COMEMORAR A VIDA
Hugo Carvalho
 
 

À medida que a vida vai nos afastando do papel de atores principais, nos transformando, primeiro em atores coadjuvantes, depois em simples espectadores, o pote da nostalgia vai enchendo e, ao transbordar, às vezes, se converte em memórias ou simples crônicas.

É por tal razão que só agora, homem-velho, intento virar cronista, na companhia dos meus charutos. Com isso respondo a quantos me indagam dos motivos pelos quais eu não escrevia quando jovem.

A rigor fui um intenso missivista no passado. Avós, pais, tios, sempre foram destinatários de meus epistolares manuscritos, em tempos de saudades quando, vida cigana, sempre ou quase isso, as distâncias nos separavam.

Depois, com a Grande Separação, só sobraram as lembranças. Foram-se todos para as paragens que só o pensamento visita, a fé alcança e os braços, por mais que se abram, não abraçam.

E incontáveis cartas dos que partiram, a mim endereçadas há dezenas de anos, permanecem numa velha caixa de charutos, dentro da qual o tempo nunca passa.

Quando quero voltar no tempo, vou visitar tais papéis pautados que o tempo amarelou. Em muitos deles encontro, vivas ainda, recomendações dos meus “mais velhos” , como a de meu pai que, certa feita, me escrevendo sobre a obrigação que temos de devolver a nossos irmãos, o muito que recebemos – “derramar os esplendores da instrução”, dizia ele – me recomendava a participação prática na vida para poder desfrutar a plenitude de direitos.

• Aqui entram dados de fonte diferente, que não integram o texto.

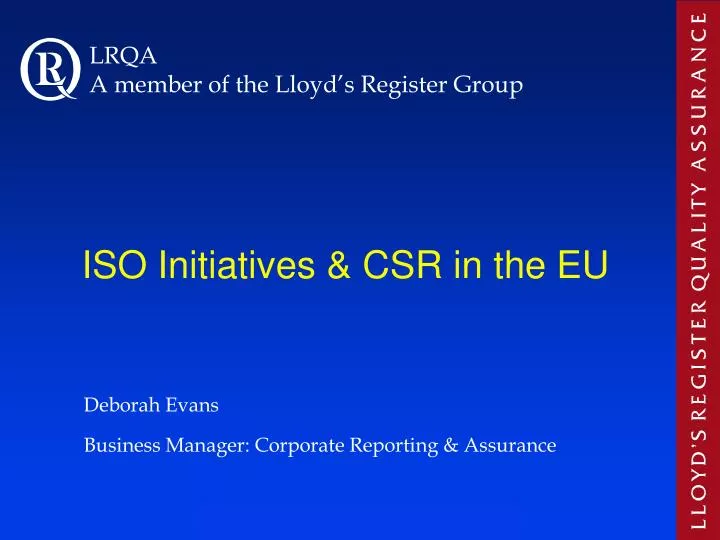 iso initiatives csr in the eu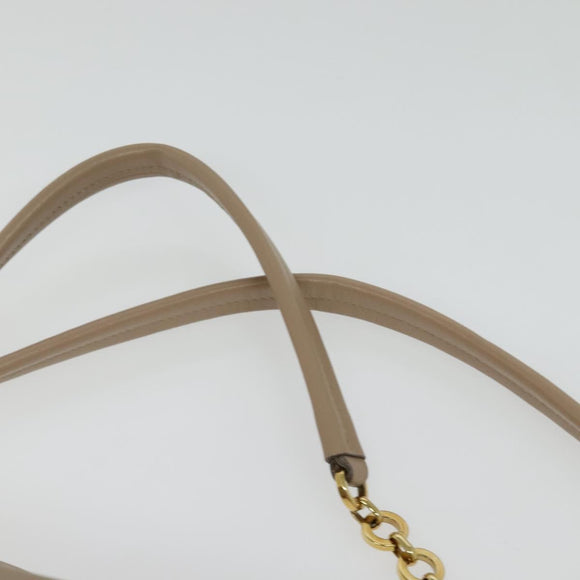 Salvatore Ferragamo Gancini Tote Bag Leather Beige Gold Auth 140617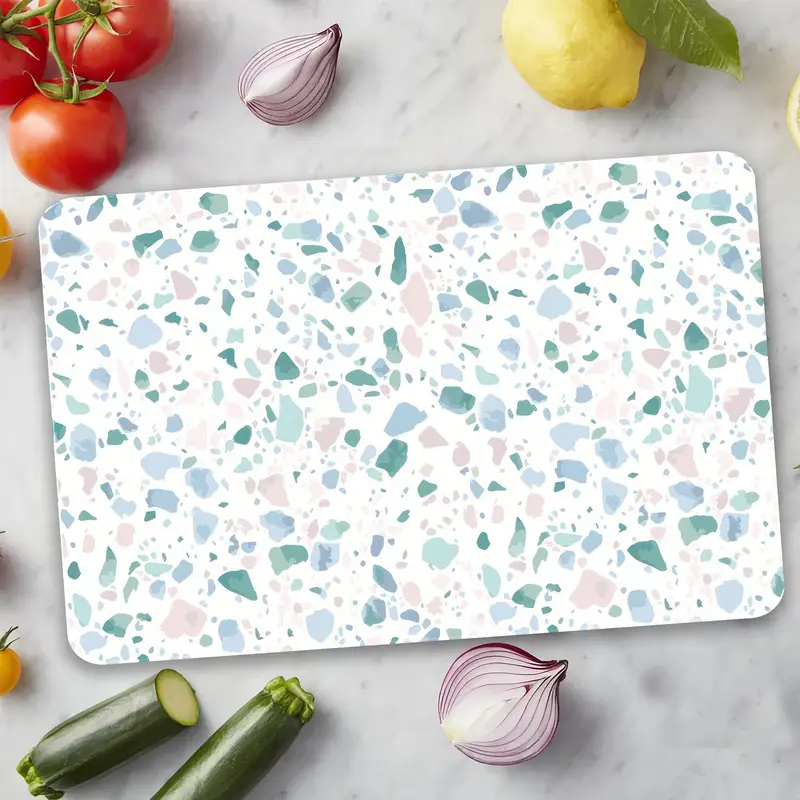 Soyut Desenli Cam Kesme Tahtası, Mavi ve Pembe Tasarım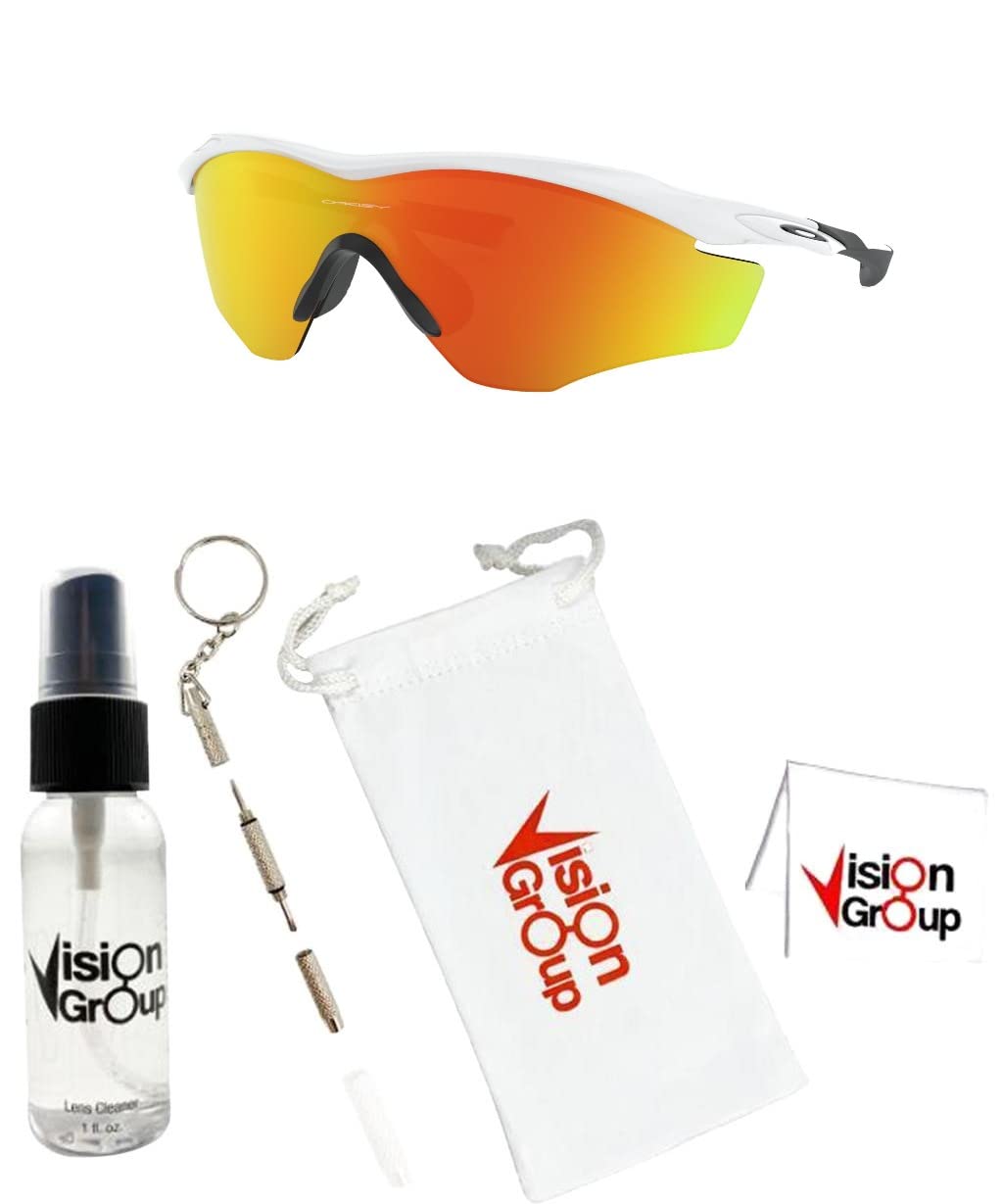 Oakley OO9343 M2 Frame XL Sunglasses + Vision Group Accessories Bundle (Polished White/Fire Iridium (934305))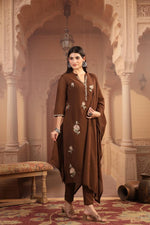Preetty Mul cotton embroidered full suit set in Brown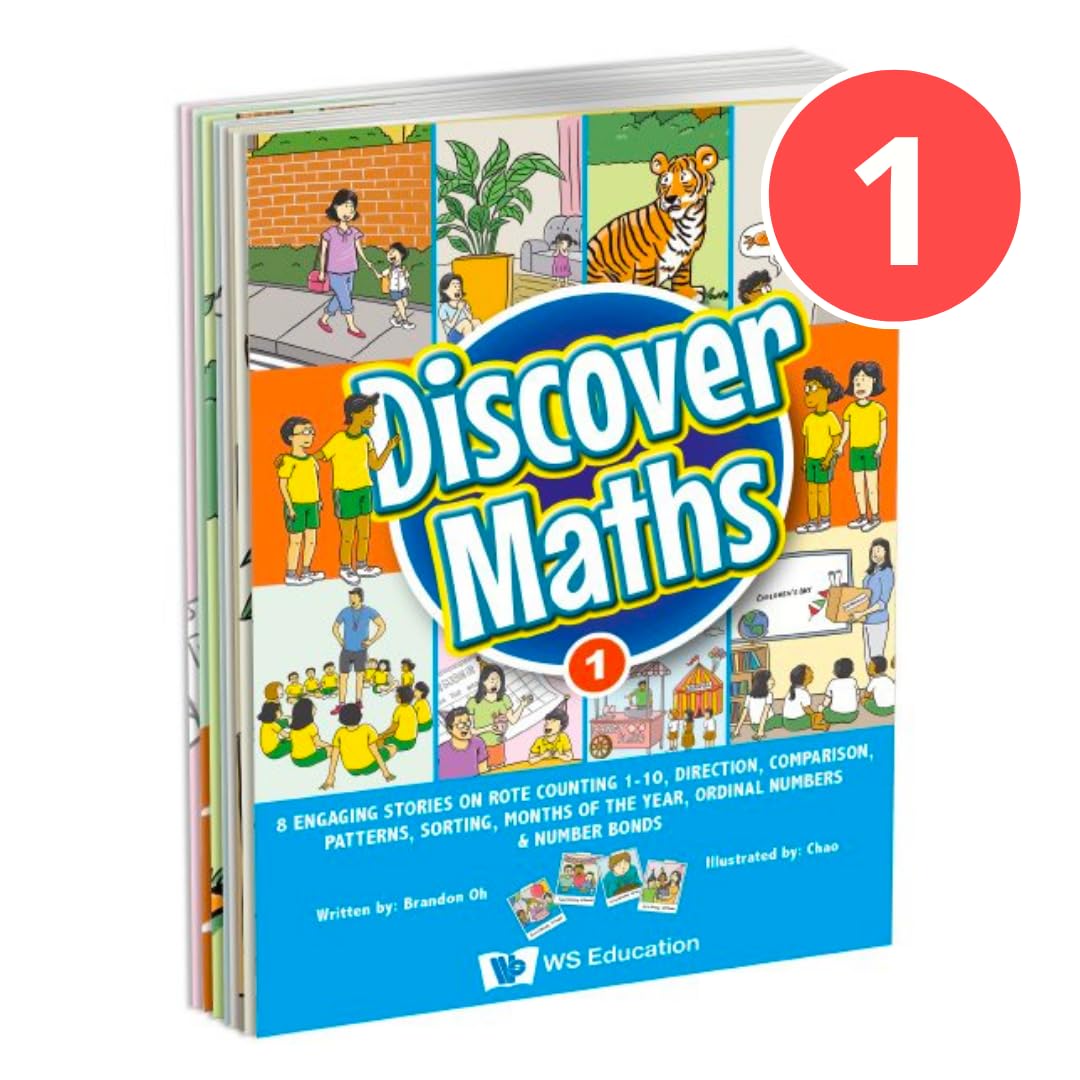 Discover Maths 1: 8 Engaging Stories On Rote Counting 110, Direction, Comparison, Patterns, Sorting, Months Of The Year, Ordina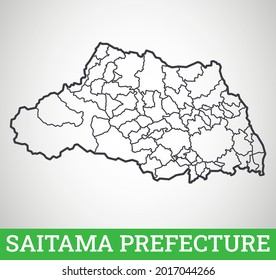 Mapa de esquema simple de la prefectura de Saitama. Ilustración gráfica vectorial.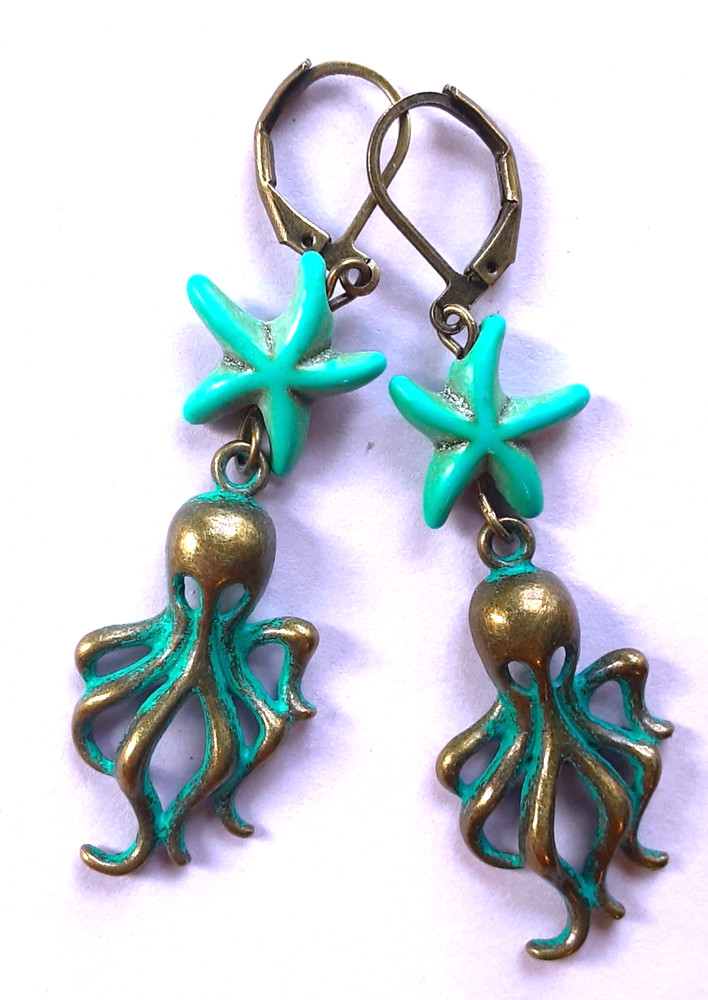 BLUE PATINA OCTOPUS shape HOWLITE earring BRONZE LEVER BACK handcrafted ACTA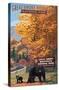 Lantern Press - Great Smoky Mountains National Park, Park Entrance and Bear Family-Trends International-Stretched Canvas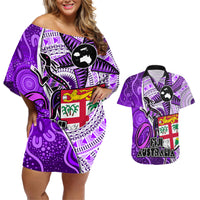 Fiji Australia Rugby Couples Matching Off Shoulder Short Dress and Hawaiian Shirt Kangaroo and Palm Tree Purple Tapa Pattern Mix Aboriginal LT03 Purple - Polynesian Pride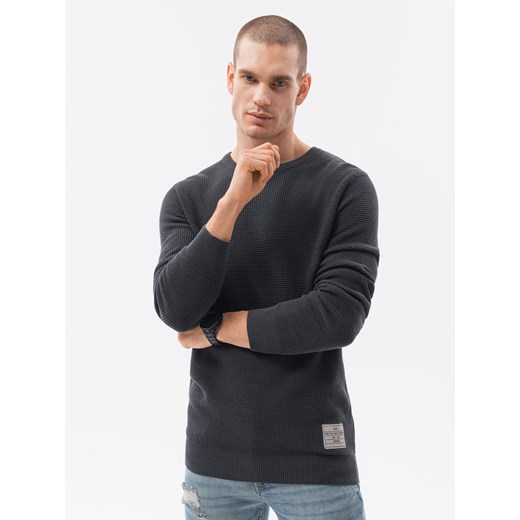 Sweter męski - grafitowy V2 E185 ze sklepu ombre w kategorii Swetry męskie - zdjęcie 185843676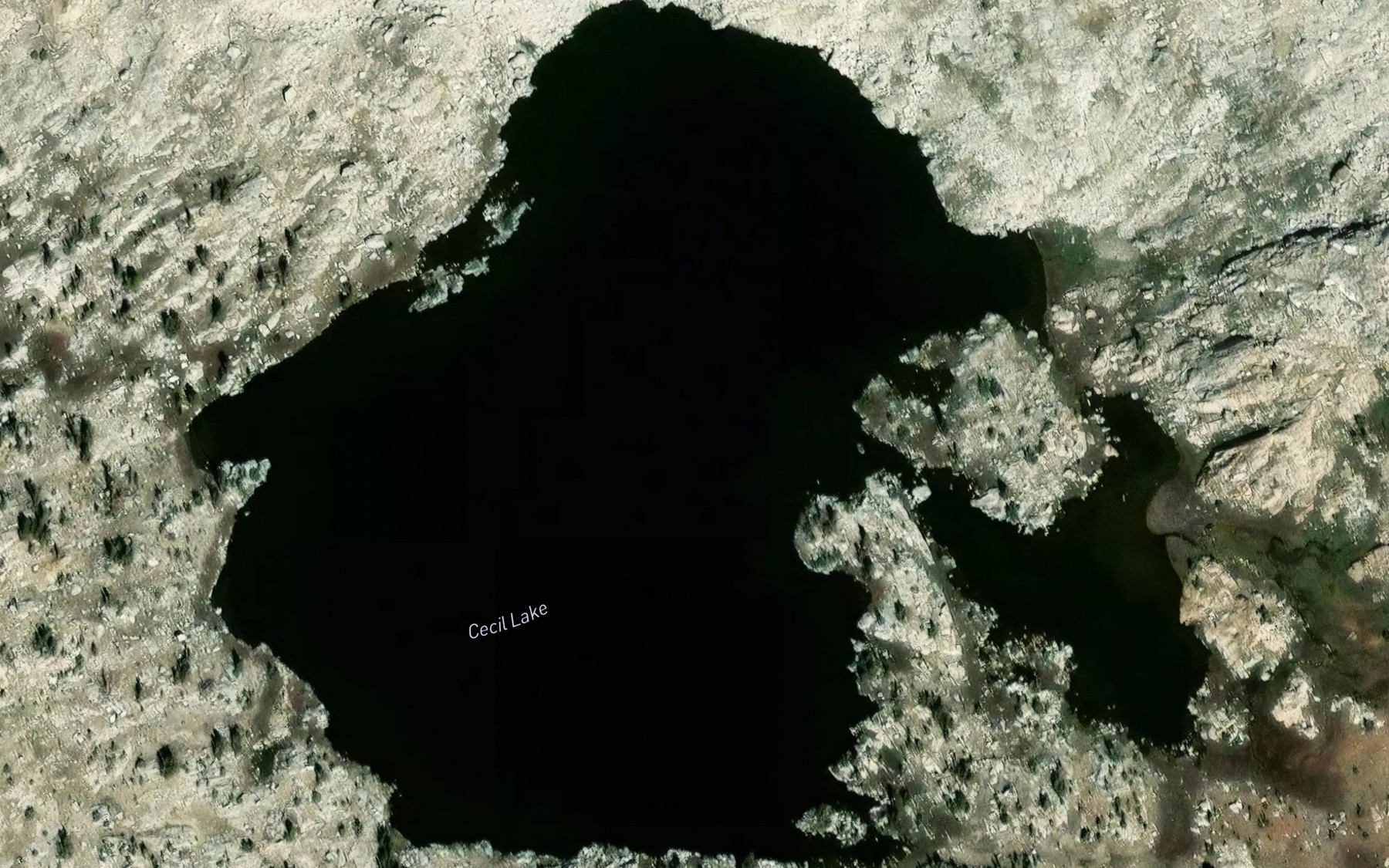 Satellite map of the Cecil Lake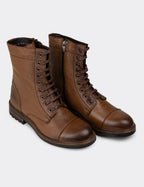 Tan Leather Postal Boots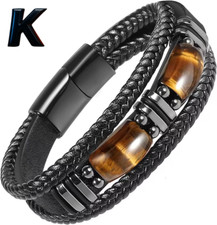 Tiger Eye Black Leather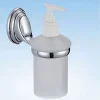 DISPENSER PORTA SAPONE LIQUIDO VETRO SATINATO FISSAGGIO PARETE BAGNO CIRCLE 52028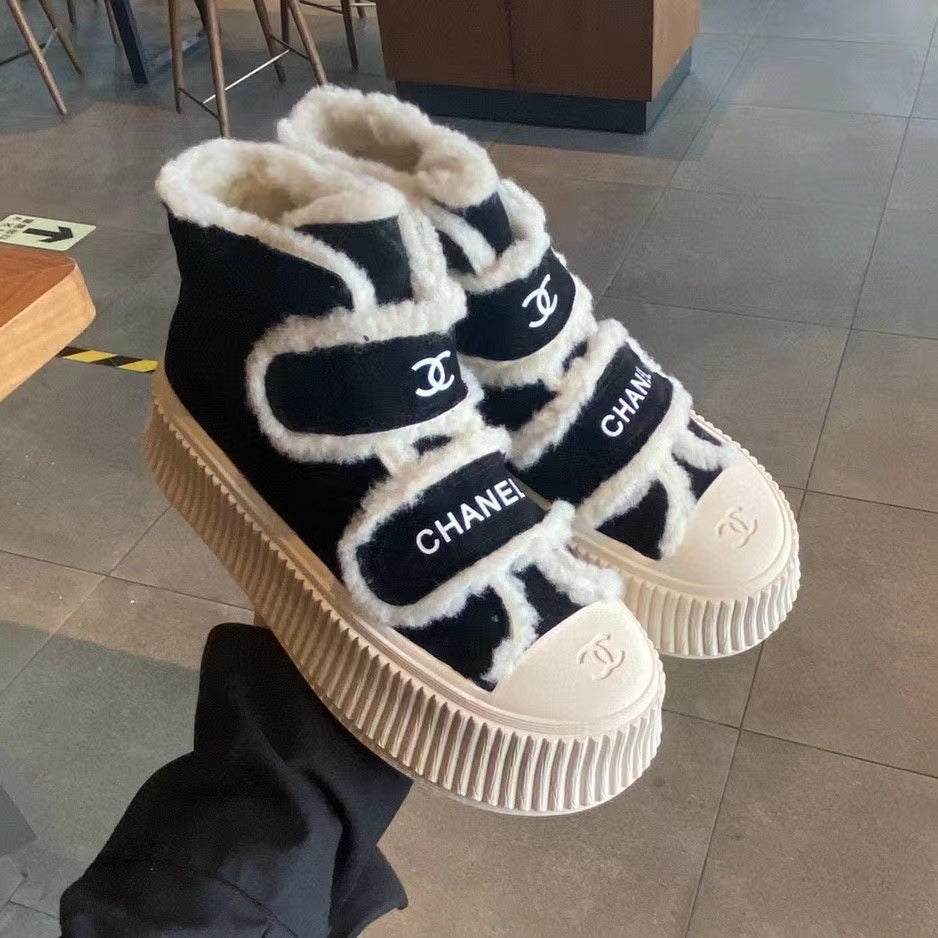 23 CL VeLet high-top and low-top genuine leather thick-soled warm Velcro fasteners, versatile and fashionable platform shoes PD 0423111405  1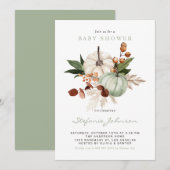 Waterverf Sage Green Pumpkins Herfst Baby shower Kaart (Voorkant / Achterkant)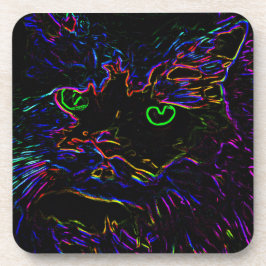 Neon Glow Cat Underlägg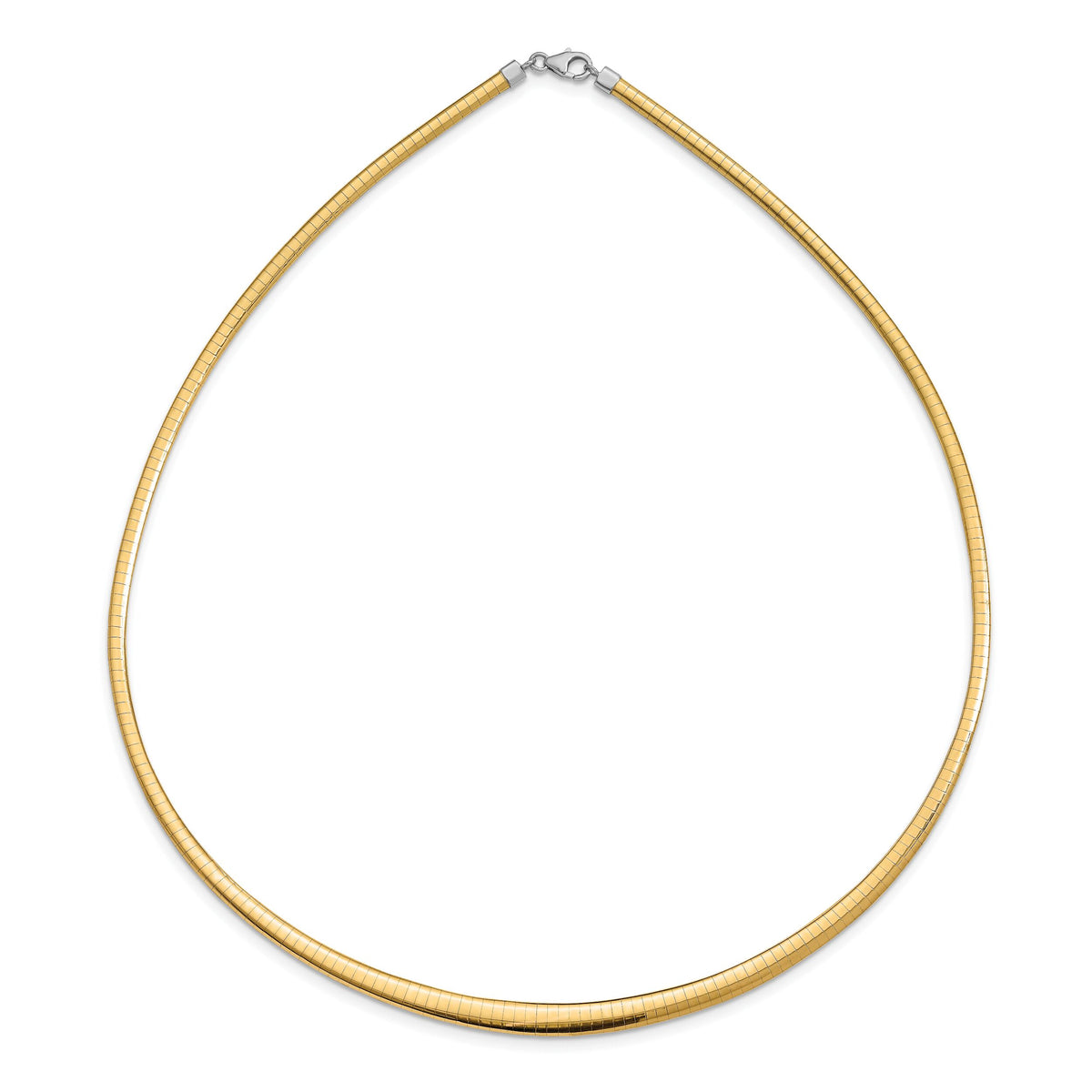 14k w/Rhodium 3/6mm Graduated Reversible Omega Necklace-RDG6-16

Seguindo o velho conselho, escrever, portanto, passou para mim a ser uma forma de participar. E, na ausência dos destinatários de minhas cartas do passado, passei a contar com uma quase-multidão de pacientes leitores. Que me ajudam, tanto quanto meus charutos, a prosseguir, agora como ator-autor e, assim, poder comemorar a vida.